EXERCISE AIM
Write out exactly, excluding pictures, the lines from the one containing "푸짐하게 담긴 김치말이국수" through the end of the data, both included.

[Opening RECORDS FOR PROCESSING section]

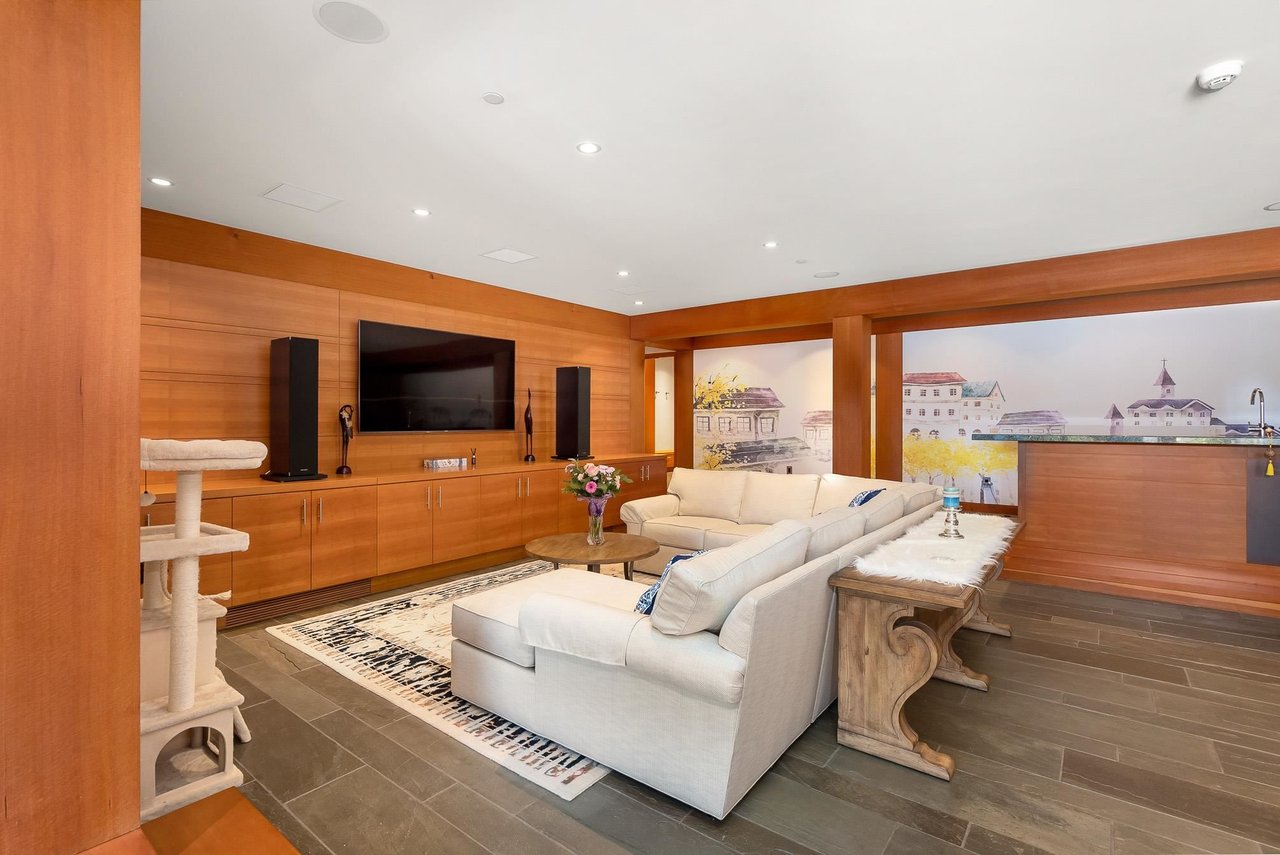 672 Beachview Dr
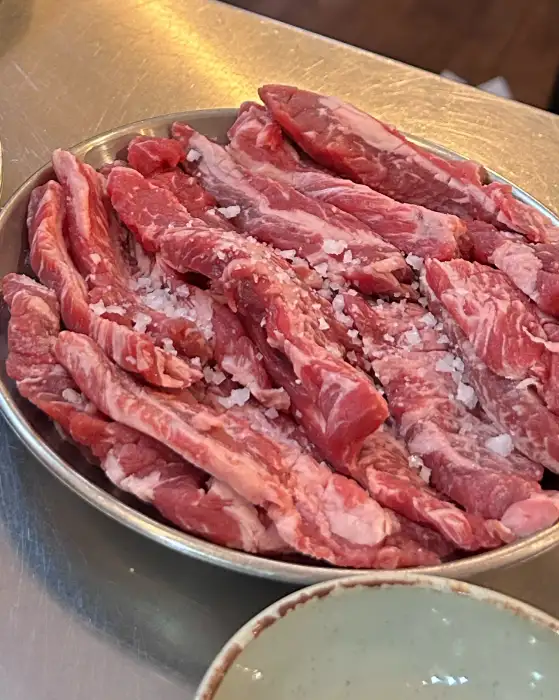 푸짐하게 담긴 김치말이국수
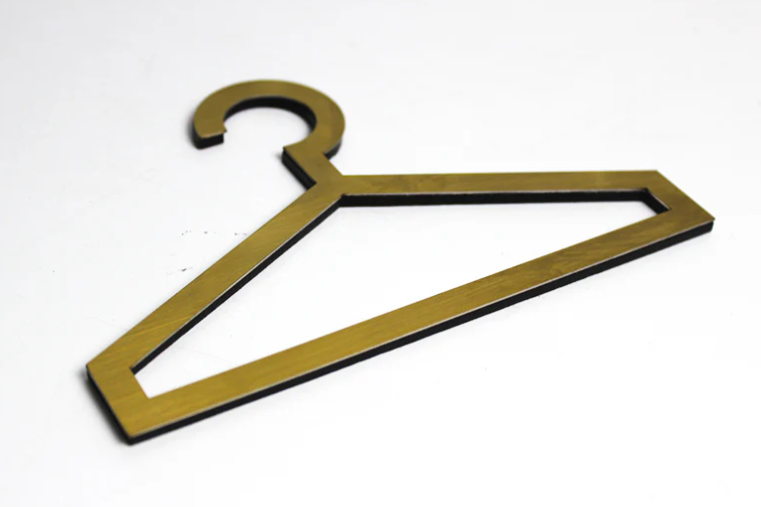 Soyunma odası için üretilmiş siyah pleksi işaret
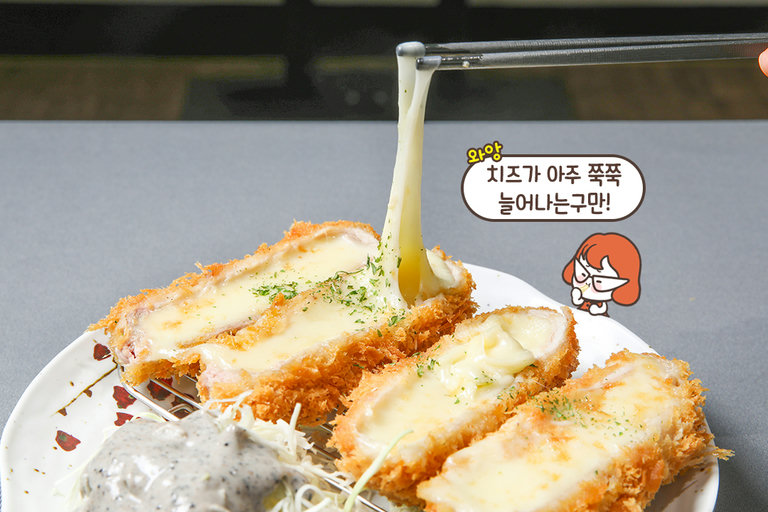 진한 모짜렐라가 듬뿍 흘러내리는 치즈 폭포 비주얼🧀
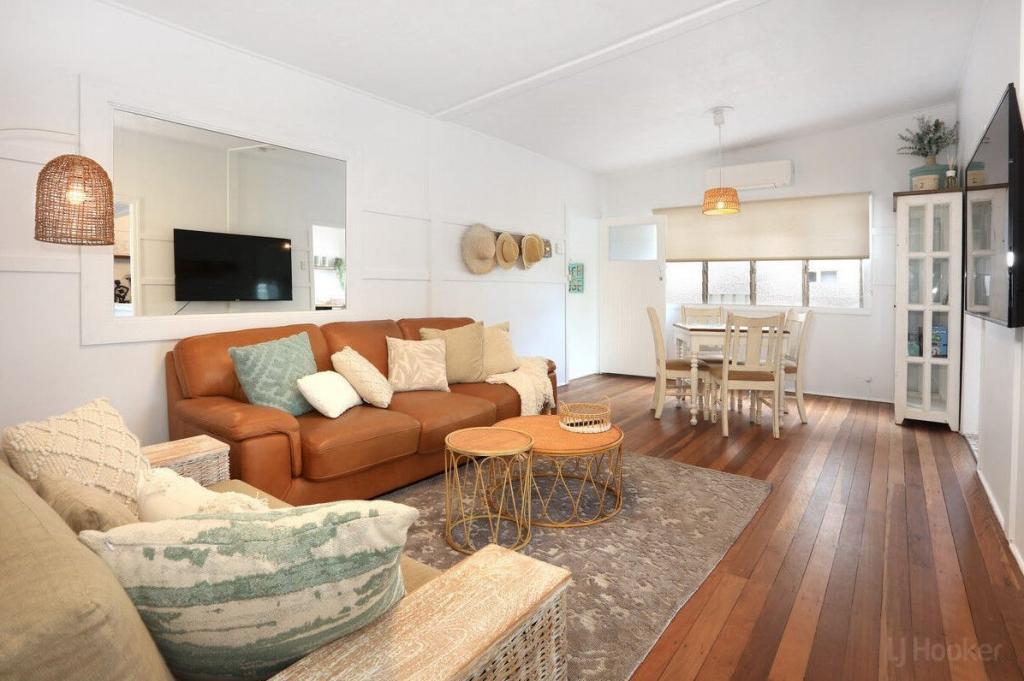15 Clam St, Runaway Bay, QLD 4216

[Closing RECORDS FOR PROCESSING section]

TASK SOLUTION
 푸짐하게 담긴 김치말이국수
 Soyunma odası için üretilmiş siyah pleksi işaret
 진한 모짜렐라가 듬뿍 흘러내리는 치즈 폭포 비주얼🧀
15 Clam St, Runaway Bay, QLD 4216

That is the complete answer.